**EXERCISE PROMPT:**
Exact copies of the lines from the one holding "Binghatti Hillviews: Floor" through the last line of the entries below are to be printed, with pictures omitted.

START DATA PROVIDED

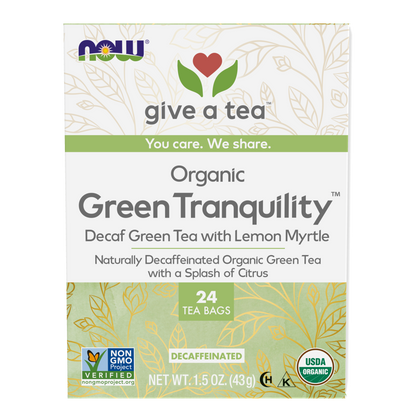 NOW Foods Give a Tea® Organic Green Tranquility Blend, 24 bags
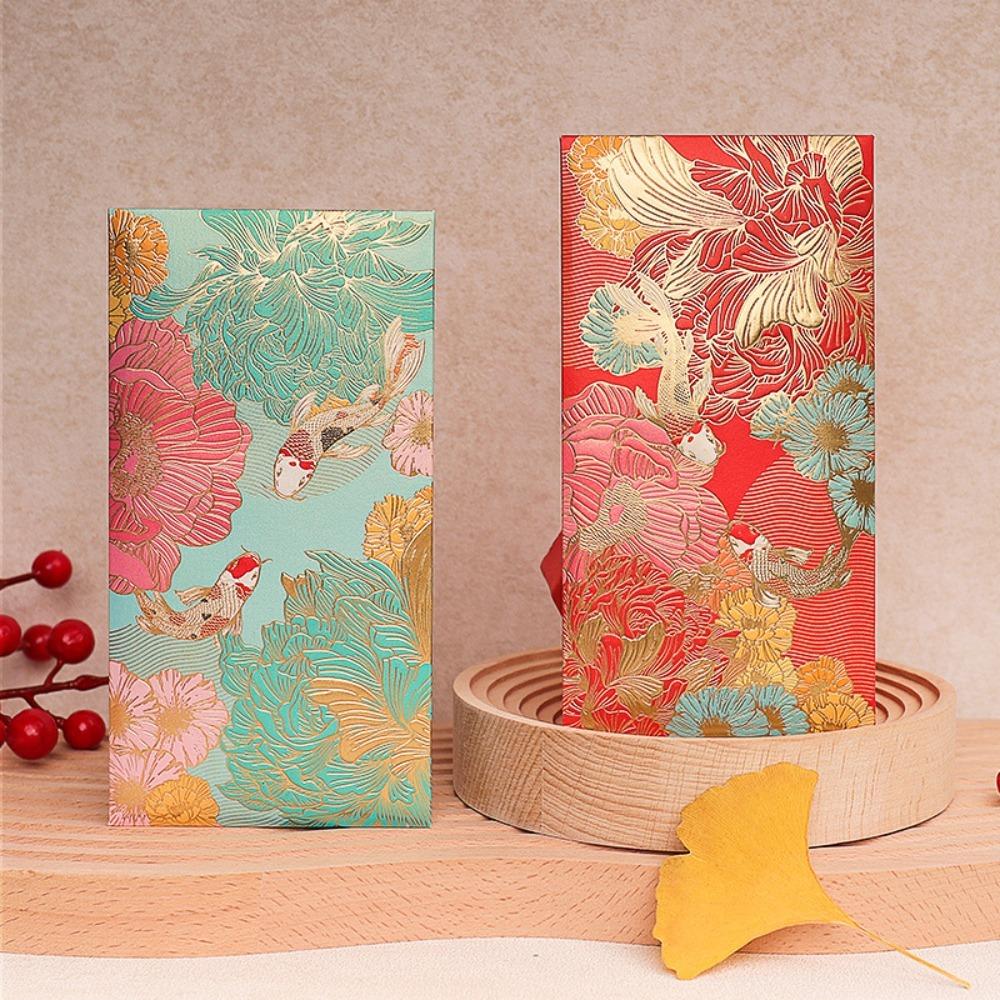 Embossed Chinese New Year Red Envelopes Solid HongBao Creative Lucky Money Bag Kids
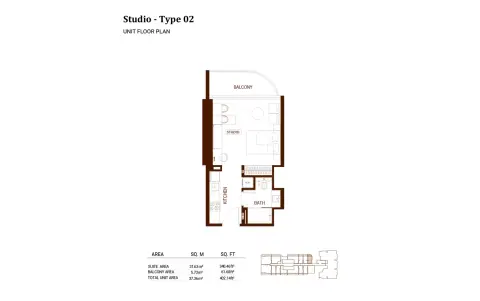 Binghatti Hillviews: Floor plan Type 2, 402 sq ft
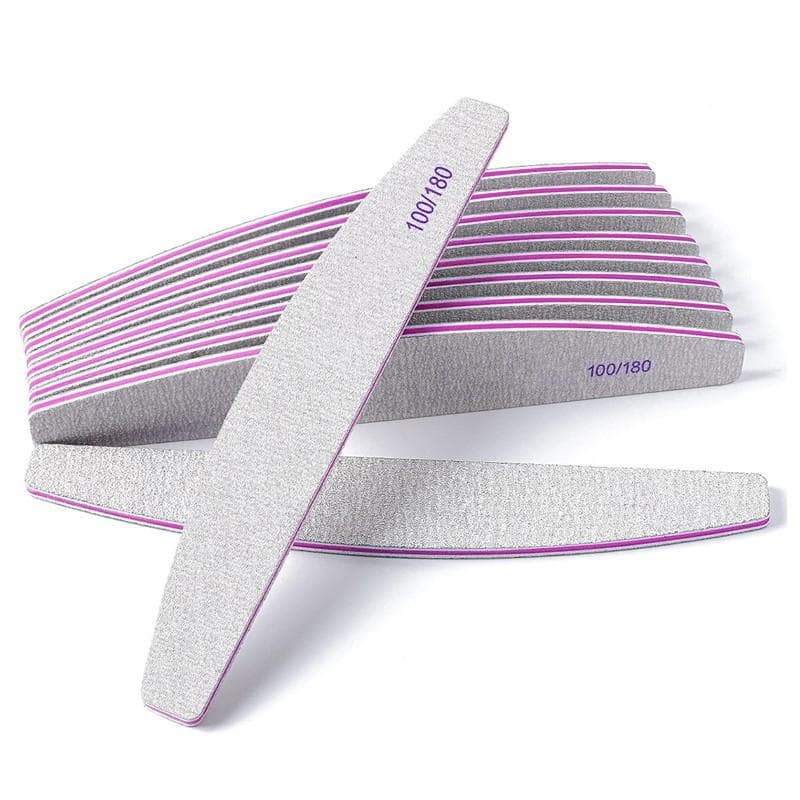 10Pcs Double Sided Nail Files For Manicure 100/180 Thick Sandpaper Curved Buffer Block Washable Manicure Tools Set 10pcs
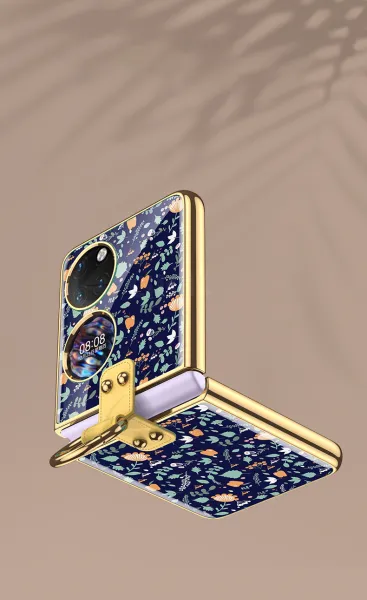 GKK GLASS Ochranný kryt s držiakom Huawei P50 Pocket BLUE FLORAL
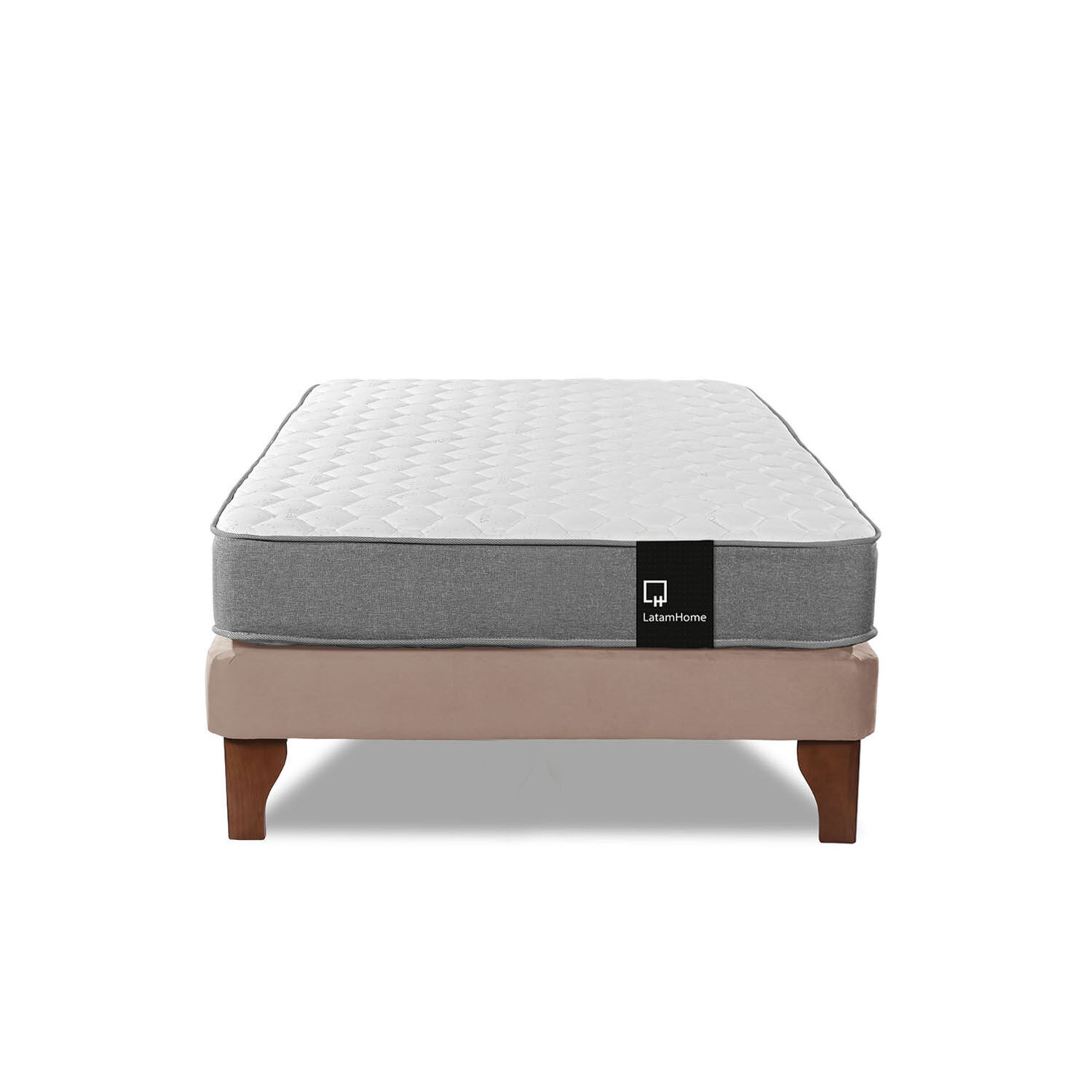 Cama Europea Zen Best 1.5 Plaza Tela Velvet Beige image number 3.0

END DATA PROVIDED

**TASK OUTPUT:**
 Binghatti Hillviews: Floor plan Type 2, 402 sq ft
 10Pcs Double Sided Nail Files For Manicure 100/180 Thick Sandpaper Curved Buffer Block Washable Manicure Tools Set 10pcs
 GKK GLASS Ochranný kryt s držiakom Huawei P50 Pocket BLUE FLORAL
 Cama Europea Zen Best 1.5 Plaza Tela Velvet Beige image number 3.0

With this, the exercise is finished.